103- Kısık bir ses tonu ile birbirlerine "Siz dünyada sadece on gün kaldınız " derler.

104- Aralarındaki konuşmaları biz herkesten iyi biliriz. Bu arada en isabetli görüşlüleri "Siz dünyada sadece bir gün kaldınız" derler.

Hz. Musa'nın durumu ile ilgili olarak sana bildirdiğimiz bu kıssalar da önceki milletlerin haberleridir. Kur'anda bunları sana anlatıyoruz. Ki bu Kur'anda "Zikir" diye de adlandırılır. Çünkü Kur'an Allah'ı ve ayetlerini hatırlatmaktır. Önceki asırlarda meydana gelen bu tür ayetleri hatırlatmaktır.

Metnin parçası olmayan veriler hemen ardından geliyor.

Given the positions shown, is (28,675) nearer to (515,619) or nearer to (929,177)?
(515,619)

Kur'an-ı Kerim bu hatırlatmadan yüz çevirenlere suçlular adını vermekte ve onları kıyamet günündeki bir sahnede canlandırmaktadır. Bu suçlular, yolcuların kendi yüklerini taşımaları gibi ağır günah yüklerini taşımaktadırlar. Aman Allah'ım! Ne kötü bir yüktür bu! Mahşer gününde toplanma amacı ile Sur a üfürüldüğünde bu suçlular, üzüntü ve kederden yüzleri mosmor kesilmiş bir halde toplanırlar. Aralarında gizli gizli konuşurlar. Korku, ürkeklik ve mahşer alanım kuşatan dehşet dolu atmosferi sebebiyle seslerini yükseltemezler. Ve onlar yeryüzünde geçirdikleri günleri tahmin ediyorlar. Artık dünya hayatı onların gözünde basitleşmiş ve geçirdikleri günler hayallerinde oldukça silinmiştir. Onlar bu hayatı, birkaç günden öte bir şey olarak değerlendirmiyorlar artık. "Siz dünyada sadece on gün kaldınız. Onların daha akıllı olanları ve daha sağlıklı görüş sahipleri ise onun çok daha kısa olduğunu öne sürüyor. "Siz dünyada sadece bir gün kaldınız." İşte bu şekilde yeryüzünde yaşadıkları koca ömürleri bir anda siliniyor, gözlerinde eriyip gidiyor. Hayatın mutlulukları ve üzüntüleri bir anda basite iniyor. Bütün bunlar hem zaman, hem de değer açısından gayet küçülüyor. Her türlü zevk ve imkânla donatılmış alsa dahi, on günün ne değeri olabilir? Her bir dakikası ve her bir saniyesi mutluluk ve sevinç dolu olsa dahi bir gecenin ne değeri olabilir? Sonsuza dek uzanıp giden bir hayatın yanında bir günün, on günün sözü edilir mi? Mahşerden sonra kendilerini bekleyen ve kesintisiz devam edecek olan bu dönemin yanında, şu kısacık mutlulukların sözü mü edilir?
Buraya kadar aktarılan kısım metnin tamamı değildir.